## Work request
Return the lines of the listing below exactly as they appear, beginning at the one with "Grey Melange Check Jersey Casual Overshirt" and stopping after the one with "Hugo Atkinson's family"; do not include pictures.

## The input
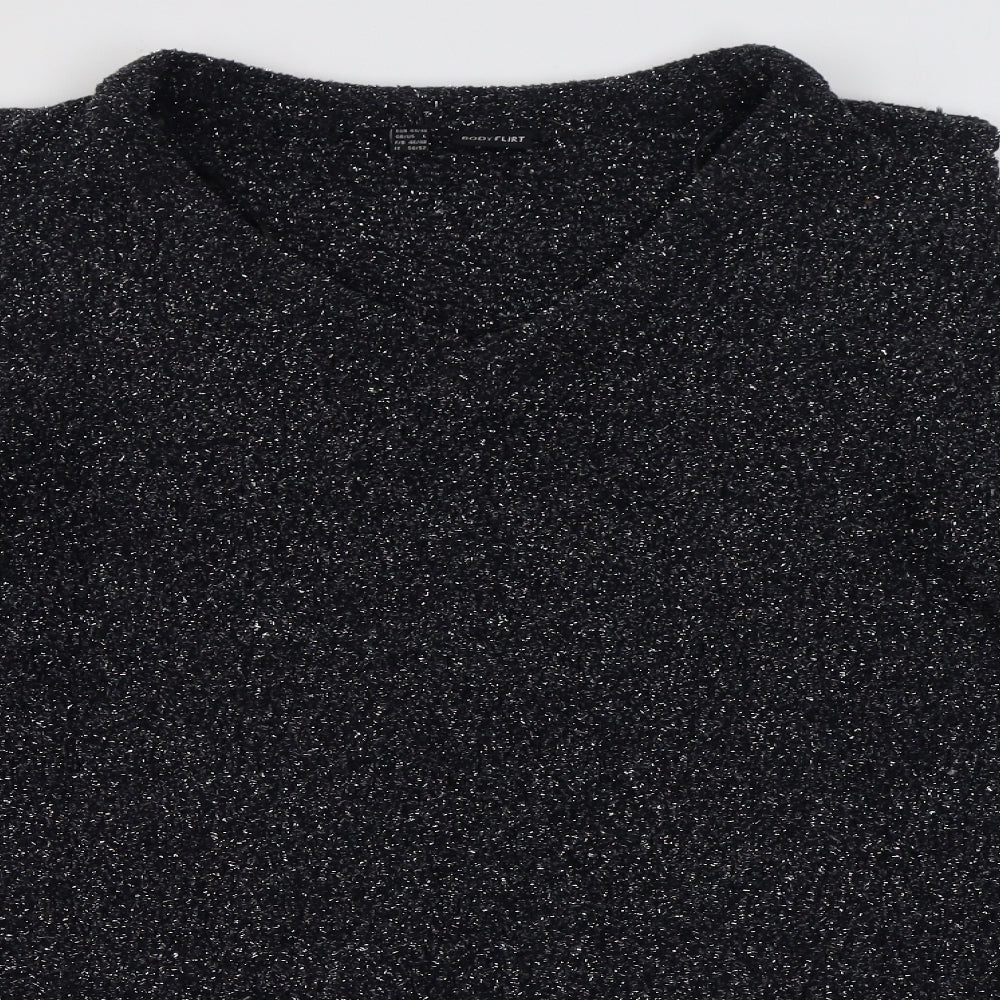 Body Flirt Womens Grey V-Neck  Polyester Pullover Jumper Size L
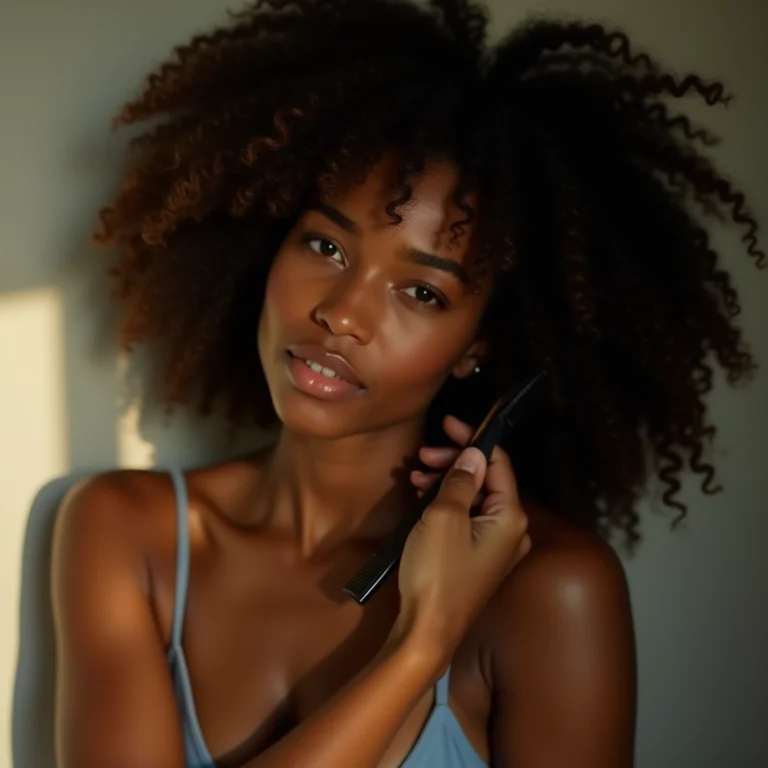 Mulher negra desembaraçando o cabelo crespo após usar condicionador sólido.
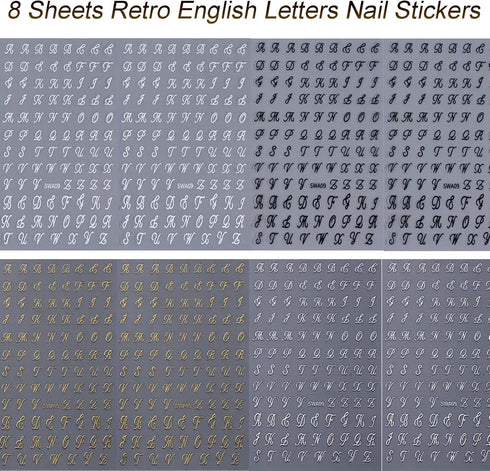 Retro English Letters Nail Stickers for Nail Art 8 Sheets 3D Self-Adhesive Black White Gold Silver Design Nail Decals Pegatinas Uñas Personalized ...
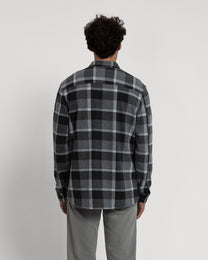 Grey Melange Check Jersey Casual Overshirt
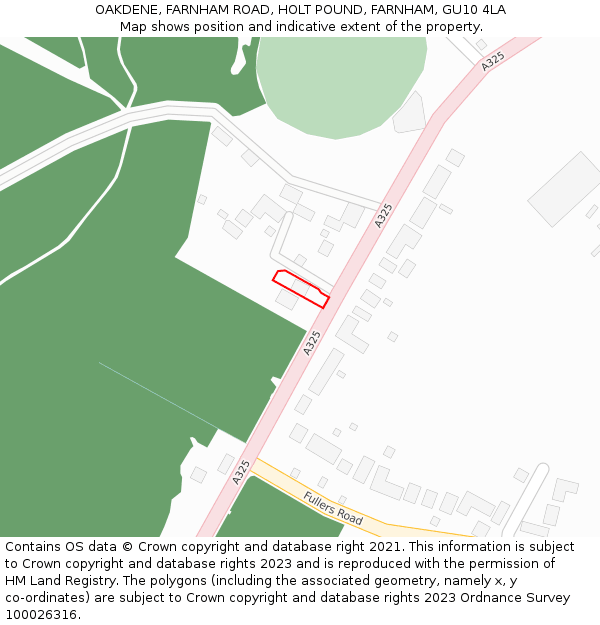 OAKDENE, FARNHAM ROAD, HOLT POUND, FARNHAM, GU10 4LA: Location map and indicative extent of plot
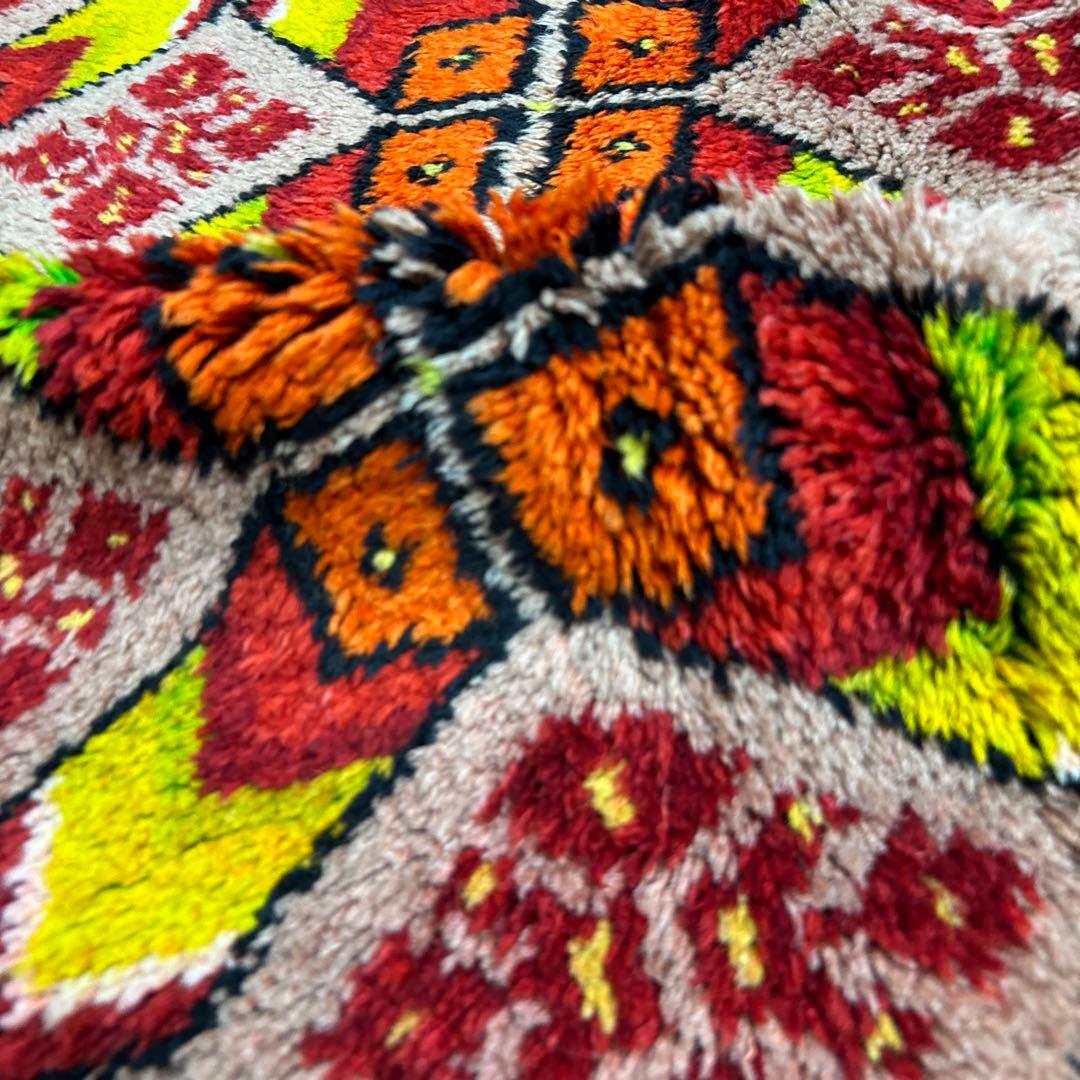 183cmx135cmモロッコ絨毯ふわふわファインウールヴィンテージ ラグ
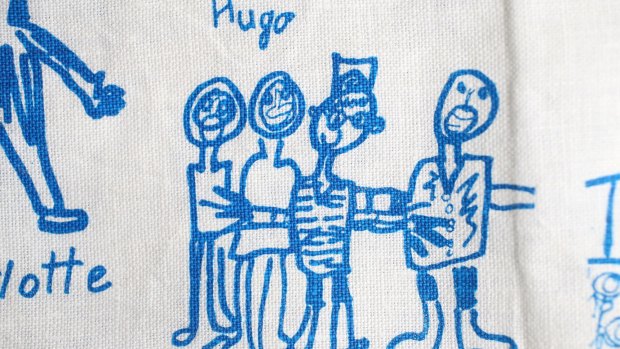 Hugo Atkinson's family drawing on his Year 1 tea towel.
* * *
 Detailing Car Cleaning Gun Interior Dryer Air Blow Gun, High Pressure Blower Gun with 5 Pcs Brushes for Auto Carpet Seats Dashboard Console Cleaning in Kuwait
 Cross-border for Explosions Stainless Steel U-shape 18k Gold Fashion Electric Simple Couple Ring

## Answer section
 Grey Melange Check Jersey Casual Overshirt
 OAKDENE, FARNHAM ROAD, HOLT POUND, FARNHAM, GU10 4LA: Location map and indicative extent of plot
 183cmx135cmモロッコ絨毯ふわふわファインウールヴィンテージ ラグ
 Hugo Atkinson's family drawing on his Year 1 tea towel.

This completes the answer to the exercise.